Fort heureusement, peu d'entre eux basculent dans le crime, mais leurs prédispositions à manipuler et mentir, leur verve, leur charisme et finalement leur naturel à écraser sans broncher tout obstacle et concurrence sur leur chemin —couplé à une haute estime d'eux-mêmes- les placeraient d'ailleurs en surreprésentation dans les métiers de direction.
Psychopathes ou non, combien de Samuel Little sont dans la nature? D'autant plus que le phénomène des tueurs en série (au moins trois meurtres espacés dans le temps) n'est pas cantonné aux seuls États-Unis. Comme à d'autres reprises dans les annales criminelles, Samuel Little fut appréhendé pour une tout autre raison que ses meurtres. Si cette idée «peut surprendre», selon nos confrères du New York Times, ceux-ci rappellent que,
«Même les services de police les plus efficaces ne résolvent qu'environ les trois quarts des homicides, ce qui signifie que chaque année des milliers de personnes ayant tué s'en tirent en toute impunité.»
Une masse statistique, dans laquelle se meuvent ces tueurs, à l'image- en France- de Francis Heaulmes. Malgré un QI faible, le fait qu'il soit «déséquilibré, alcoolique» et «incapable de conduire», ce dernier put néanmoins tuer à travers toute la France onze personnes, entre novembre 1984 et janvier 1992. Ses victimes ayant toutes un profil radicalement différent, il faudra l'acharnement d'un gendarme- pas soutenu par sa hiérarchie- pour le confondre dans l'un de ses crimes. Les autres ne trouveront leur réponse qu'après.
D'autres agissent à l'abri de tout soupçon, comme Niels Högel dont le procès a débuté il y a tout juste un mois. Cet infirmier allemand est accusé d'avoir tué une centaine de ses patients entre 2000 et 2005 afin d'attirer la reconnaissance de ses collègues et aussi par… «ennui».
Dans un style différent, aux États-Unis, Donald Harvey, qui lui aussi travaillait dans un hôpital, aurait tué pendant 17 ans entre 36 et 57 patients. Il déclarait se sentir «devenir l'égal de Dieu» au moment des injections létales ou lorsqu'il étouffait ses victimes.

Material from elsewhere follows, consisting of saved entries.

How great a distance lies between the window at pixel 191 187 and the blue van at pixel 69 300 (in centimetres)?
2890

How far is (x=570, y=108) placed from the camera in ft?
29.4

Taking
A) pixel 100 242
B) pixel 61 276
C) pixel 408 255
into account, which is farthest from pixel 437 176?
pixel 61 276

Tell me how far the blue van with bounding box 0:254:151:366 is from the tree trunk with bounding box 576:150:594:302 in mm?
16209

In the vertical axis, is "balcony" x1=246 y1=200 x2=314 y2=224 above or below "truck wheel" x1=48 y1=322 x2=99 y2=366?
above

La Russie n'est pas en reste. Longtemps décriée par les Soviétiques comme étant une singularité du système capitaliste, la réalité des tueurs en série rattrapa rapidement les autorités lorsqu'elles vinrent à bout de monstres qui sévissaient dans le paradis socialiste, tels que Vasiliy Kulik (13 victimes) ou encore Andreï Tchikatilo (52 victimes). La Russie des années 90 fut marquée par des tueurs tels qu'Alexandre Pitchouchkine (le cinématographique «tueur de l'échiquier», avec ses 48 victimes) Alexander Spesivtsev (19 victimes), ou encore Mikhail Popkov (entre 22 et 81 victimes), pour ne citer que les plus prolifiques.

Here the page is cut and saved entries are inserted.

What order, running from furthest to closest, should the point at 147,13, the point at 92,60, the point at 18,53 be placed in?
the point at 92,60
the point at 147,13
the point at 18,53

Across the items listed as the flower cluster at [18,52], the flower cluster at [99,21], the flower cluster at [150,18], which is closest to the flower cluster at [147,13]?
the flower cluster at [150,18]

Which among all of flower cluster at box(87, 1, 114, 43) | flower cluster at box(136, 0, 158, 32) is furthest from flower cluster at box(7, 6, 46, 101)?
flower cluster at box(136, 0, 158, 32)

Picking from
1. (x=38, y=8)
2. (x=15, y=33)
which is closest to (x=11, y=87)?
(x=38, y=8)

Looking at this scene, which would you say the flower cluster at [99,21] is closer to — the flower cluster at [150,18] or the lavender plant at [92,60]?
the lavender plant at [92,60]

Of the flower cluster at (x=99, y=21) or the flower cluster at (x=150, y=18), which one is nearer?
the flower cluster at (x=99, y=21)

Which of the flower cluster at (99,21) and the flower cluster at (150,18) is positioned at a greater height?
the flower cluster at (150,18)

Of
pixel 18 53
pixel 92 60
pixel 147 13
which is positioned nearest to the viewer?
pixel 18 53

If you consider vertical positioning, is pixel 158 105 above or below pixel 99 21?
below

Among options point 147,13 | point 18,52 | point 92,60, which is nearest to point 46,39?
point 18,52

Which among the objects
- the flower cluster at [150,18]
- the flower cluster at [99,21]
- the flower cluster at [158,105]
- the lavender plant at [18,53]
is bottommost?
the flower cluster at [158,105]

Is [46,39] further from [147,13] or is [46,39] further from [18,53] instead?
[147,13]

Le «phénomène» des serial killer est-il donc dû à l'évolution de notre société (individualisme, frustration…) ou simplement à une plus forte médiatisation, couplé à l'amélioration considérable des moyens d'enquête des forces de l'ordre, permettant d'en confondre un plus grand nombre que par le passé?

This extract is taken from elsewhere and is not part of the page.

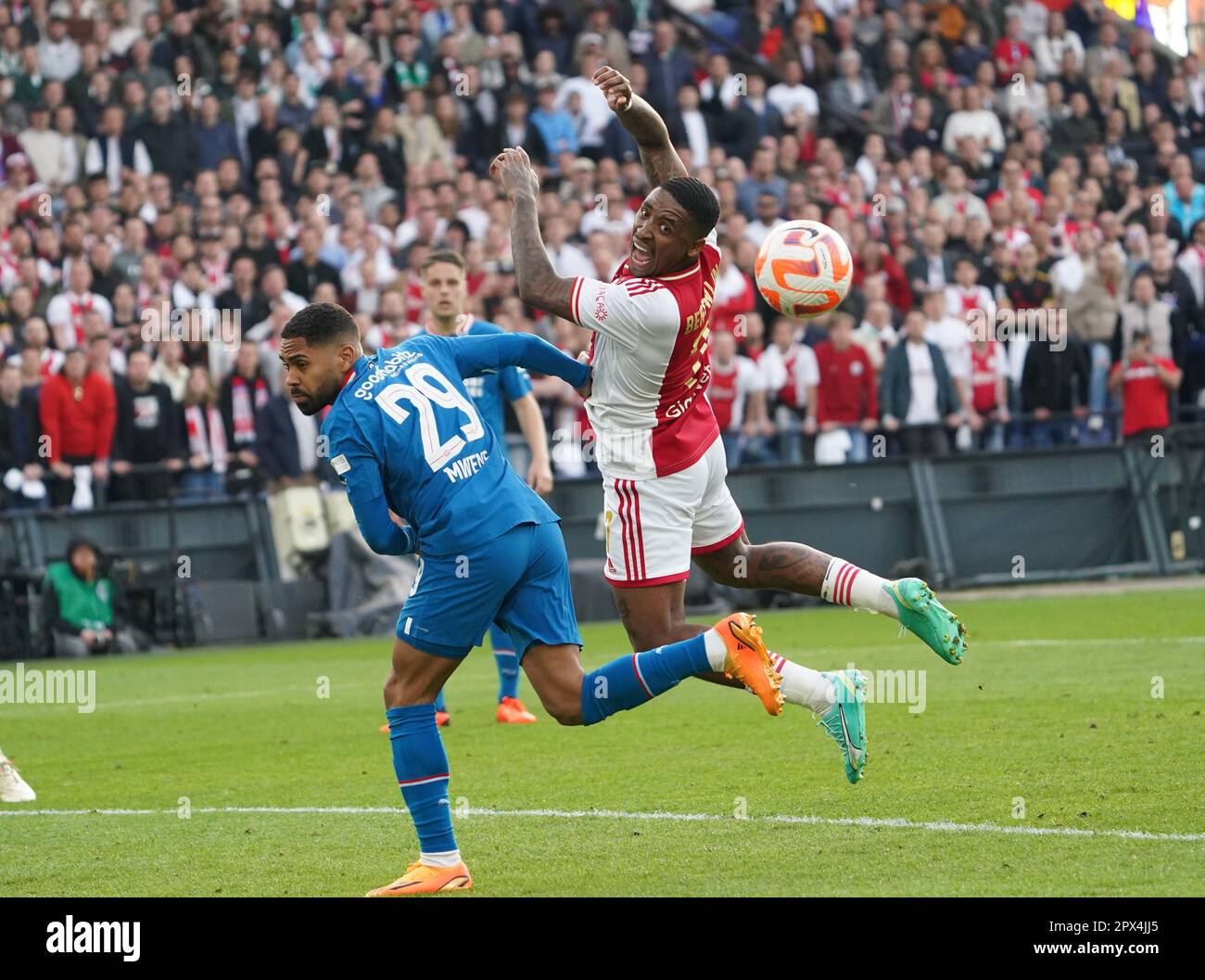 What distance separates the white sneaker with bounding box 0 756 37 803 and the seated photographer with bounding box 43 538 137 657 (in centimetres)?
829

Force est de constater que certains profils particulièrement inquiétants se distinguent dans des pays en proie aux troubles économiques et politiques. Ce fut le cas de Pedro López et Luis Garavito, deux Colombiens ayant sévi dans la deuxième moitié du XXe siècle.
Respectivement condamnés pour 110 et 138 meurtres, soit le tiers des crimes qu'ils revendiquent, ils occupent avec Daniel Camargo Barbosa — un autre colombien soupçonné d'avoir tué entre 72 et 150 jeunes filles — les trois premières marches du podium des tueurs en série connus de l'époque contemporaine.